04
Dec
Supremes To Judge Police
*ALL EYES ON THE SUPREME COURT
*HBO’S “LIVE FROM BAGHDAD”
*SIGN UP FOR THIS COLUMN
WMD — Mass distraction at work
There may be tensions in the world, American soldiers being fired on (again !) in Afghanistan, a massive famine threatening 38 million souls in Africa, protests on the streets in Venezuela and Haiti, and peace breaking out in Burundi. There may be all of that, but Michael Jackson’s mishigas gets the airtime and the headlines with even the New York Post giving Saddam a break today to put wacko Jacko back on page one with a “Devil Made Me Do It” headline and a story of his having been bit by a spider. Let us ask: Who Made THEM do it, the editors and news producers, that is, who feels compelled to keep us mesmerized by this Michael mania? That and The Sopranos. Like who cares?

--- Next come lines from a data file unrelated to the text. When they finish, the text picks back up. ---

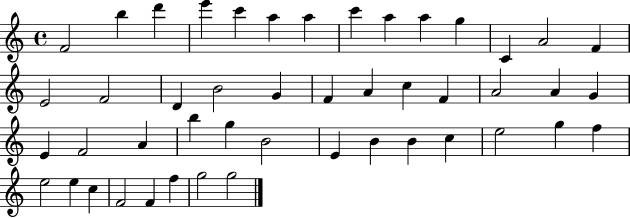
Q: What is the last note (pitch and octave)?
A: G5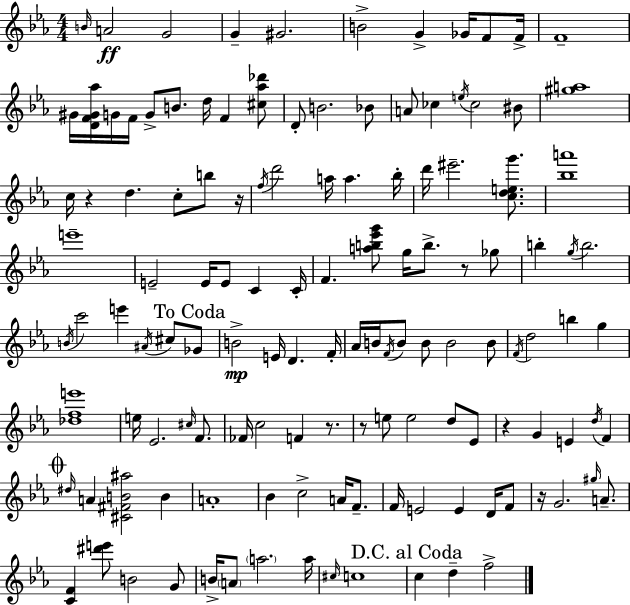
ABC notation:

X:1
T:Untitled
M:4/4
L:1/4
K:Eb
B/4 A2 G2 G ^G2 B2 G _G/4 F/2 F/4 F4 ^G/4 [DF^G_a]/4 G/4 F/4 G/2 B/2 d/4 F [^c_a_d']/2 D/2 B2 _B/2 A/2 _c e/4 _c2 ^B/2 [^ga]4 c/4 z d c/2 b/2 z/4 f/4 d'2 a/4 a _b/4 d'/4 ^e'2 [cdeg']/2 [_ba']4 e'4 E2 E/4 E/2 C C/4 F [ab_e'g']/2 g/4 b/2 z/2 _g/2 b g/4 b2 B/4 c'2 e' ^A/4 ^c/2 _G/2 B2 E/4 D F/4 _A/4 B/4 F/4 B/2 B/2 B2 B/2 F/4 d2 b g [_dfe']4 e/4 _E2 ^c/4 F/2 _F/4 c2 F z/2 z/2 e/2 e2 d/2 _E/2 z G E d/4 F ^d/4 A [^C^FB^a]2 B A4 _B c2 A/4 F/2 F/4 E2 E D/4 F/2 z/4 G2 ^g/4 A/2 [CF] [^d'e']/2 B2 G/2 B/4 A/2 a2 a/4 ^c/4 c4 c d f2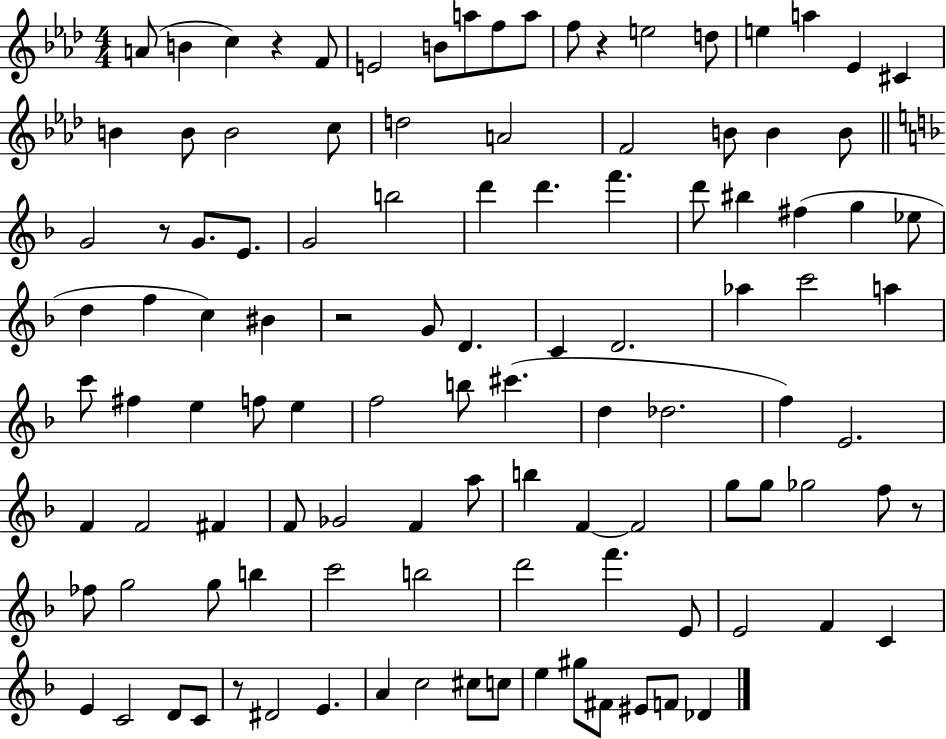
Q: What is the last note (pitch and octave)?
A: Db4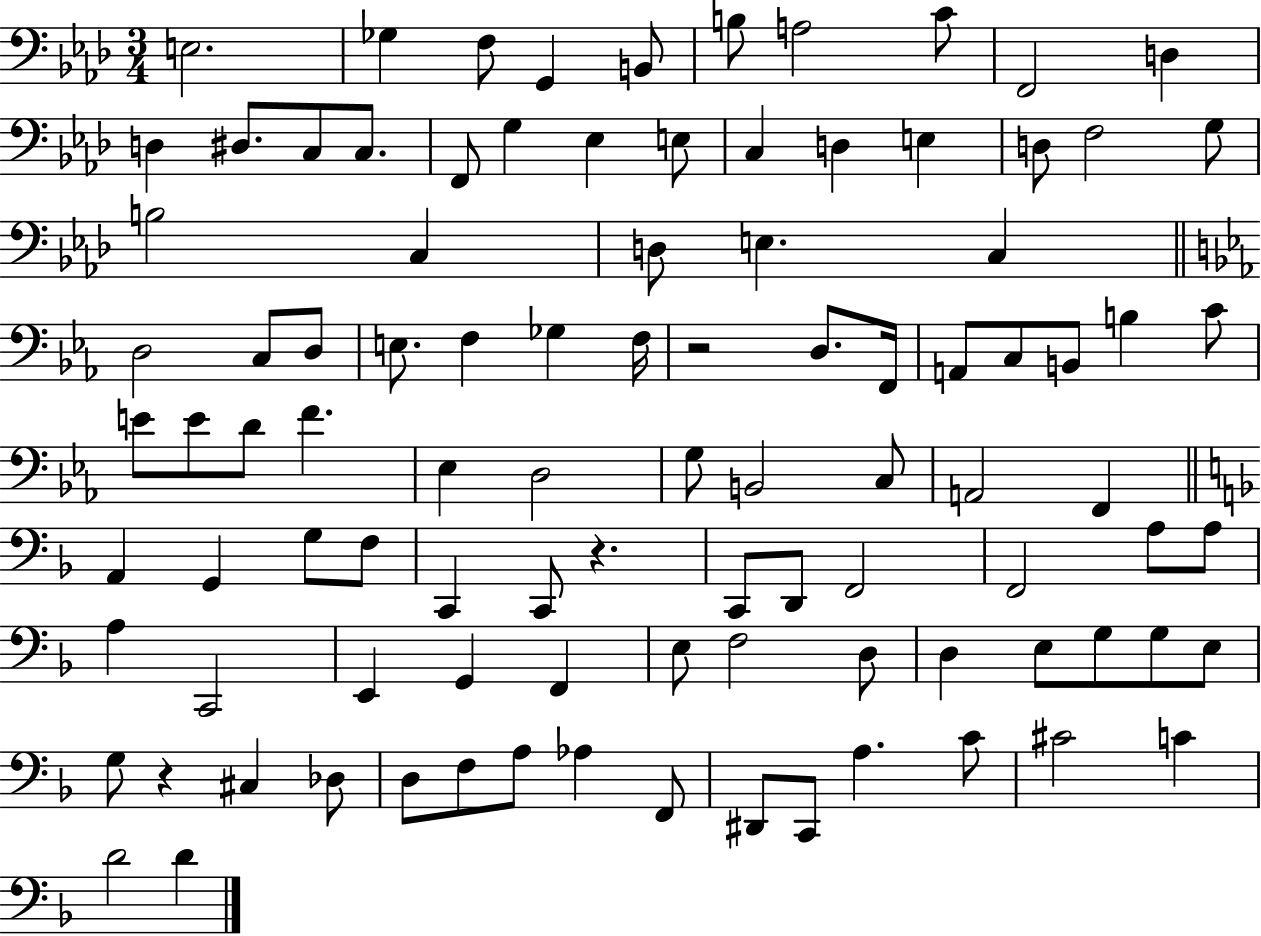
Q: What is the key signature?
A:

THE MAN WHO MADE THE MAN “THE” MAN
The US Supreme Court is expected to hear arguments today from the Solicitor General of the United States (why is he a General, pray tell?) Ted Olson will be making the case for doing away with Miranda warnings. You remember Ted don’t you? The New York Times chose to remind its readers about him with this historical reference that one is rarely reminded of:
“Mr. Olson, a conservative Republican, successfully argued Bush v. Gore, the Supreme Court case that made George W. Bush President.” Was it the case that “made” him President, or the Court or the fiasco in Florida? Never mind.
As for the case, Charles Sheehan-Miles fears that its being overturned is another step along the road to a police state. “The landmark 1966 Miranda v. Arizona decision ruled that suspects could not be interrogated without first being advised of their rights to remain silent and to obtain an attorney. The wording of Miranda is familiar to all Americans who watch TV, and is assumed as a basic right. The Justice Department wants to change all that.
“In other words, Olsen plans to argue the police can detain or arrest anyone for any reason and then beat you up or even shoot you to get information, even if there are no emergent circumstances.
“In other countries, this is called torture. In our country, we have the 5th Amendment to the U.S. Constitution designed to prevent such horrendous abuses by the police.”
MEET ME AT THE PALACE
Today is day seven of the inspection regime in Iraq, and the press is filled with pictures of the Presidential Palace inspectors, who dropped in for less than two hours yesterday. What was the significance of the visit? It depends on who you read. The US Administration is not impressed, reporteth the New York Times:
” U.S. CONCERN: IRAQ INSPECTIONS TOO EASY”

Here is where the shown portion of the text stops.